Items listed in a dataset
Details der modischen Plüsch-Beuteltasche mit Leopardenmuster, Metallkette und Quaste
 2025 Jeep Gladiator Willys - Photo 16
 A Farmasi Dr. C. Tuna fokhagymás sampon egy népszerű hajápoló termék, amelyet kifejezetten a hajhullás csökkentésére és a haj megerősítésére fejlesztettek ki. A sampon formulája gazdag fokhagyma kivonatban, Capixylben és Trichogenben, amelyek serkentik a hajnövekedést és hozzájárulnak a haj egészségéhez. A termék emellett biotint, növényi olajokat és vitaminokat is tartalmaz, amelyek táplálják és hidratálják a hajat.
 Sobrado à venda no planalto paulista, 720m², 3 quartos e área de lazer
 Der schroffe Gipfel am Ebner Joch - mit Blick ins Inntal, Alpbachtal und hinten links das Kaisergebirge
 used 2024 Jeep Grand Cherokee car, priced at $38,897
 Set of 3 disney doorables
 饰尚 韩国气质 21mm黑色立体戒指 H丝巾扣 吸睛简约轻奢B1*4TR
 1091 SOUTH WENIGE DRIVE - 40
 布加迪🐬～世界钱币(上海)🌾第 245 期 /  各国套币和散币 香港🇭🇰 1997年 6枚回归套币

→ PROBLEM DESCRIPTION
Output nothing but the lines from the one containing "Sobrado à venda" through the last line of the data, exactly as they stand.

→ OUTPUT OF THE TASK
 Sobrado à venda no planalto paulista, 720m², 3 quartos e área de lazer
 Der schroffe Gipfel am Ebner Joch - mit Blick ins Inntal, Alpbachtal und hinten links das Kaisergebirge
 used 2024 Jeep Grand Cherokee car, priced at $38,897
 Set of 3 disney doorables
 饰尚 韩国气质 21mm黑色立体戒指 H丝巾扣 吸睛简约轻奢B1*4TR
 1091 SOUTH WENIGE DRIVE - 40
 布加迪🐬～世界钱币(上海)🌾第 245 期 /  各国套币和散币 香港🇭🇰 1997年 6枚回归套币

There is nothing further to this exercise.